To demonstrate orderings notation, here are all possible orderings for $N=3$:


$\ R_1=\{(a, b), (a, c), (b, c)\}$


$\ R_2=\{(a, c), (a, b), (c, b)\}$


$\ R_3=\{(a, b), (a, c), (b, c), (c, b)\}$


$\ R_4=\{(b, a), (b, c), (a, c)\}$


$\ R_5=\{(b, c), (b, a), (c, a)\}$


$\ R_6=\{(b, a), (b, c), (a, c), (c, a)\}$


$\ R_7=\{(c, a), (c, b), (a, b)\}$



$\ R_8=\{(c, b), (c, a), (b, a)\}$


$\ R_9=\{(c, a), (c, b), (a, b), (b, a)\}$


$R_{10}=\{(a, b), (b, a), (a, c), (b, c)\}$


$R_{11}=\{(a, c), (c, a), (a, b), (c, b)\}$


$R_{12}=\{(b, c), (c, b), (b, a), (c, a)\}$


$R_{13}=\{(a, b), (b, a), (a, c), (c, a), (b, c), (c, b)\}$



For such notation we may introduce metric $\delta$ (so-called Kemeny distance) between any two orderings $R_1$ and $R_2$ by next way: $$\delta(R_1,R_2)=|R_1\setminus R_2|+|R_2\setminus R_1|$$ where $\setminus$ means set-theoretic difference; and $||$ means cardinality of set (i.e., number of elements, because sets are finite).

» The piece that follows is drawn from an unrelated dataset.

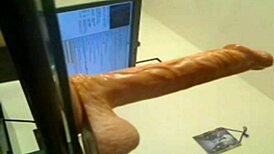 Blonde deep throats huge dildo in hardcore action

The required "collective" ordering $Ω$ (so-called Kemeny mean) is such ordering of given objects, that minimizes the sum of the squares of Kemeny distances to all "individuals" orderings, i.e.: $$Ω=\min \sum_{i=1}^{N } \delta(R_i,Ω)^2$$


In fact, $Ω$ may be not unique, there may be several $Ω_1, Ω_2, ...$ for which the appropriate sums of the squares of Kemeny distances are equal and minimal. So in general case $Ω$ is set of such $Ω_i$.



How to attack


So we have several of $R_i$ as input and the goal is to output $Ω$.


It looks, like there should be brute-force with one-by-one generating of possible ordering, calculating the sum of the squares of Kemeny distances to all input orderings and verifiaction for minimum.


Even for small $N$ number of possible orderings is huge (for my data case $N=10$, there are over $10^8$ possible orderings), so we should keep less data.



Answer



[Warning: There could be issues with the averaging procedure. At least one should pay attention to allPossibleOrderings; its definition probably needs to be improved. See other two *edit*s in text below.]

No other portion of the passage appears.